La paire d’affriquées [ts]~[dz], présente une situation presque analogue. En effet, sa distribution défective pourrait fournir des arguments en faveur d’un seul phonème /ts/. Par conséquent, il n’y a que deux positions sur trois dans un lexème où les deux segments [ts] et [dz] seraient admis, à savoir en position initiale de mot (comme dans zucchero ’sucre’ [tsukero] et zero ’zero’ [dzero]) et médiane (comme dans raza ’race’ [rattsa] et razza ’un type de poisson’ [raddza]). Au contraire, en position post-consonantique et à la finale de mot, seul [ts] peu apparaître en raison d’une fusion qui se produit entre affriquées et fricatives. De cette manière, le mot falso ’faux’ est prononcé [faltso] ou encore le mot senso ’sens’ est prononcé [sentso].
Toutefois, le phénomène le plus intéressant du consonantisme italien est l’opposition phonologique de quantité consonantique, i.e. la gémination. Elle est mise en évidence par des paires minimales comme, par exemple :
fato ’fait’ [fato] vs fatto ’destin’ [fatto]
calo ’diminution’ [kalo] vs’ callo cor’ [kallo]
pala ’pelle’ [pala] vs palla ’balle’ [balla],
etc.
Quant à la prosodie de l’italien, il s’agirait d’une tâche plus difficile à décrire, car selon Rossi (1998) la plupart des travaux consacrés à cet aspect ne prennent en considération que les particularités intonatives de la variante toscane. Or, une description exhaustive des spécificités supra-segmentales devrait prendre en considération les caractéristiques régionales. Ainsi, suivant Rossi, nous nous contentons de fournir un bref aperçu des principaux traits prosodiques de l’italien. L’italien est une langue à accent libre qui peut toucher la syllabe finale, pénultième ou antépénultième d’un item lexical. Par ailleurs, ce trait présente une manifestation générale au sein des variantes régionales d’italien. Enfin, selon Rossi (1998), le domaine de manifestation de l’accent est le mot.

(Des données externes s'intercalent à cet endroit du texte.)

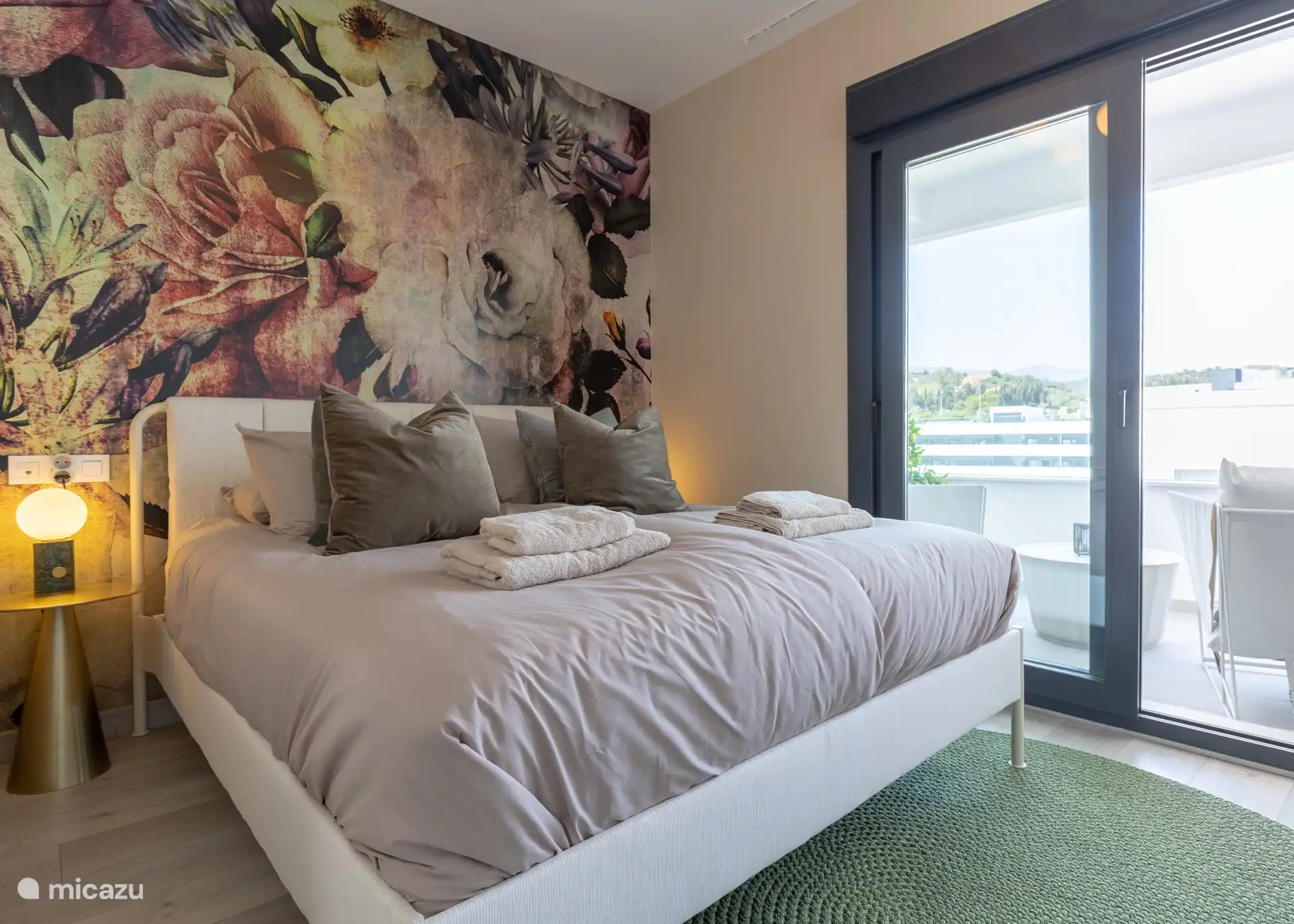 Masterbedroom Flower Theme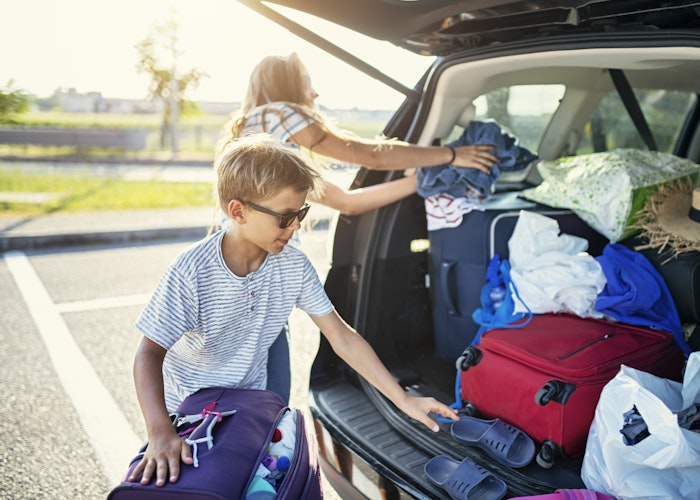 Familie pakker bil til ferie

En résumé, il nous semble qu’effectivement, l’italien représente la LR possédant le phonétisme le plus proche, aussi bien de celui de son parent latin que du prototype virtuel, de la famille romane. La seule particularité notable est sans doute liée aux phénomènes de durée vocalique et consonantique entraînée par la gémination. Ce trait est susceptible de se manifester également au niveau supra-segmental.